Our professor's notes read, "In general, in Hamiltonian dynamics a constant of motion will reduce the dimension of the phase space by two dimensions, not just one as it does in Lagrangian dynamics." To demonstrate this, he uses the central force Hamiltonian,
$$H=\frac{P_r^2}{2m}+\frac{p_{\theta}^2}{2mr^2}+ \frac{p_{\phi}}{2mr^2 sin^2 \theta} + V(r).$$
By Hamilton's equation $\dot{p_{\phi}}=0$, this is a constant of the motion. As a result, specifying $p_{\phi}=\mu$ gives us a 5 dimensional manifold. The notes go on to state, "Furthermore, on each invariant submanifold the Hamiltonian can be written:
$$H=\frac{P_r^2}{2m}+\frac{p_{\theta}^2}{2mr^2}+ \frac{\mu}{2mr^2 sin^2 \theta} + V(r),$$
which is a Hamiltonian involving only two freedoms $r$ and $\theta$. Therefore the motion actually occurs on a 4-dimensional submanifold of the 5-dimensional submanifold of $T^*Q$ . . ."

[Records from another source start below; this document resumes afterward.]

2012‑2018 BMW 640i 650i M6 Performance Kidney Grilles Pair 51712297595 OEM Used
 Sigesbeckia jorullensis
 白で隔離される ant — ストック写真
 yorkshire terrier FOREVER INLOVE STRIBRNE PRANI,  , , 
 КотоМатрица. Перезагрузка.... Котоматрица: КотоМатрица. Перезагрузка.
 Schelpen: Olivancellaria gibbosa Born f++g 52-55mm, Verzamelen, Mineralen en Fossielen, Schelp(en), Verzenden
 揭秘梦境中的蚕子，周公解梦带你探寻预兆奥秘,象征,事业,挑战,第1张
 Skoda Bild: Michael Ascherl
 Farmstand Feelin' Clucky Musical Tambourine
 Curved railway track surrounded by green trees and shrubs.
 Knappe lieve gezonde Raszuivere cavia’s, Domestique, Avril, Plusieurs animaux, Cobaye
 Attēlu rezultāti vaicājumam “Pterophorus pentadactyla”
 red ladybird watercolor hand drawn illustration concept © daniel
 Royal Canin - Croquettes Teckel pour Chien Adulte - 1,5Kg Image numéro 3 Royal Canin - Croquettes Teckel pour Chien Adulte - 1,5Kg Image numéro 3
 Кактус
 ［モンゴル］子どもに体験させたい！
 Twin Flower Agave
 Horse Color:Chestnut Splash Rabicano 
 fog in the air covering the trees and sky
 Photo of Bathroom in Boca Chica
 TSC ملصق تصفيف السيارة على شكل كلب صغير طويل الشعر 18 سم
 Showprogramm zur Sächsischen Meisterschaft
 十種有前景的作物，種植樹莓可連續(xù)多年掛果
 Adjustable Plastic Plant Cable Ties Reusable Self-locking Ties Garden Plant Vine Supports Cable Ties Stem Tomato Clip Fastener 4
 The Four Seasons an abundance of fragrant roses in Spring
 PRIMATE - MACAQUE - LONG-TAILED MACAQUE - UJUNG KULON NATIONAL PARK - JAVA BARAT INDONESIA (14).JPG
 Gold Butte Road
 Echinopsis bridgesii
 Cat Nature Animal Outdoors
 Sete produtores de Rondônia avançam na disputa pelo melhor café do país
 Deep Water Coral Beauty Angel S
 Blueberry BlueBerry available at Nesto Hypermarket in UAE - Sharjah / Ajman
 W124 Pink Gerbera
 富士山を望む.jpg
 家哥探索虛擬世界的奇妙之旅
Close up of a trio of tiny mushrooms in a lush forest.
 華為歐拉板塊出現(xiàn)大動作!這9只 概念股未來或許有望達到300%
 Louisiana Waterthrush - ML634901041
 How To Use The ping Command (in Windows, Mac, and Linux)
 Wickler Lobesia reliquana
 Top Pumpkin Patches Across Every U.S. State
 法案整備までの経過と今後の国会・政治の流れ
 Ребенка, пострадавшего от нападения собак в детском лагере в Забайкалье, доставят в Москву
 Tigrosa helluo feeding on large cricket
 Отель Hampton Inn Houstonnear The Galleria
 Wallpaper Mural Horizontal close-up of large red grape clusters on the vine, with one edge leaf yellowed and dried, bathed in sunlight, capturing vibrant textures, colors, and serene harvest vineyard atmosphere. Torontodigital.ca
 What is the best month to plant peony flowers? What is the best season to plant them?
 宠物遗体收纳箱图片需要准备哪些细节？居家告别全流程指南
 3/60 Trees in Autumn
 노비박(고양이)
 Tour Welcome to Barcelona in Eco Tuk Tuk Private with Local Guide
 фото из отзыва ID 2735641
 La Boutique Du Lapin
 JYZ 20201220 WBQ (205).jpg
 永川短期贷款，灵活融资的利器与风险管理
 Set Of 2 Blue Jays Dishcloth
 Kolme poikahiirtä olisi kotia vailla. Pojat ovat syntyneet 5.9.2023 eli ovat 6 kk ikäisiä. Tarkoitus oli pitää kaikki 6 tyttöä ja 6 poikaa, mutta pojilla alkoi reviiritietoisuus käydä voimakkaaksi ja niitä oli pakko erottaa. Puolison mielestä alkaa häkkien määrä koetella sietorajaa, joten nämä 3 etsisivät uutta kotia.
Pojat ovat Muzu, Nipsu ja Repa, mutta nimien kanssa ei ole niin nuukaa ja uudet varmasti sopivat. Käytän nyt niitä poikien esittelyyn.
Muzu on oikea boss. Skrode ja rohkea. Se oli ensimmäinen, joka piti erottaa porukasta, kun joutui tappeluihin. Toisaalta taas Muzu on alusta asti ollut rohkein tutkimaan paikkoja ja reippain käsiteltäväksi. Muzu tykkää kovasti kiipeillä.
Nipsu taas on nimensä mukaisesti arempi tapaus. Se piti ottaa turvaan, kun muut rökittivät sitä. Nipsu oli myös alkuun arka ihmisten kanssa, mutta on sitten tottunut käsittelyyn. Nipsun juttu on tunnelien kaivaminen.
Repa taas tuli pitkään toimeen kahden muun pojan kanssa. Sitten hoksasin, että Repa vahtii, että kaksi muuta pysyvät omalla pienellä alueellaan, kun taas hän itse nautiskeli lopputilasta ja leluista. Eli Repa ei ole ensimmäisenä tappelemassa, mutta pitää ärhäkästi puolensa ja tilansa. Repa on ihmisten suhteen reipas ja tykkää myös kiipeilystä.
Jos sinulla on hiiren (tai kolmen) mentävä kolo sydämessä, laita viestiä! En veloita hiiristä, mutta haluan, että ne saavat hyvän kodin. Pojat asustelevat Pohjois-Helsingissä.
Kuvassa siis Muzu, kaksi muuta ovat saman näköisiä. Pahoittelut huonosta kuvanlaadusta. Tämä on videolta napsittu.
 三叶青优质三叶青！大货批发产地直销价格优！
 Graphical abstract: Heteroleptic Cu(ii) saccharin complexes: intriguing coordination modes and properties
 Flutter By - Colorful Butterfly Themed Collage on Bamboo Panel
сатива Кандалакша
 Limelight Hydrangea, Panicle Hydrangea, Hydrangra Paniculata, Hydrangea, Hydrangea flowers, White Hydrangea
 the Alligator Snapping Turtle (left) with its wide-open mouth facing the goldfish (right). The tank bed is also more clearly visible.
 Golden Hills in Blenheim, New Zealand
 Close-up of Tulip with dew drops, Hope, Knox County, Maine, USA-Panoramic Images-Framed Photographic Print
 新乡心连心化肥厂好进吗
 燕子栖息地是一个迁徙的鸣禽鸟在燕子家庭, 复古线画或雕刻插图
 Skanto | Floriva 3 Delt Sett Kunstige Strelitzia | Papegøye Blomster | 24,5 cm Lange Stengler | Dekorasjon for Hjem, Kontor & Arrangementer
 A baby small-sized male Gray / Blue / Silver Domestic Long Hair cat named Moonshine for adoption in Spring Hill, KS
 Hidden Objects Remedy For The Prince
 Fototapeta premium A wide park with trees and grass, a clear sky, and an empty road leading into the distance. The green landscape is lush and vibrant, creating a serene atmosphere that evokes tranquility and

However, to me it looks like we still have five degrees of freedom: $p_{\theta},$ $p_r,$ $r,$ $\theta,$ and $\phi$. Thus, I'm not sure what he means when he says that the presence of a constant of motion reduces the dimension of the cotangent manifold by 2. Is he saying that if we specify a numerical value for H, then the dimension is reduced from 5 to 4? Or does just the presence of a cyclic coordinate reduce the dimension from 6 to 4?
Best Answer
Recall that $$ \dot{\mathbf{p}}=-\frac{\partial H}{\partial\mathbf{q}} $$ Since $H$ does not actually depend on $\phi$, then $$ \dot{p}_\phi=0=-\frac{\partial H}{\partial\phi} $$
This will eliminate $p_\phi$ and $\phi$ from your coordinates: $H(p_r,p_\theta,p_\phi,r,\theta,\phi)\to H(p_r,p_\theta,r,\theta)$.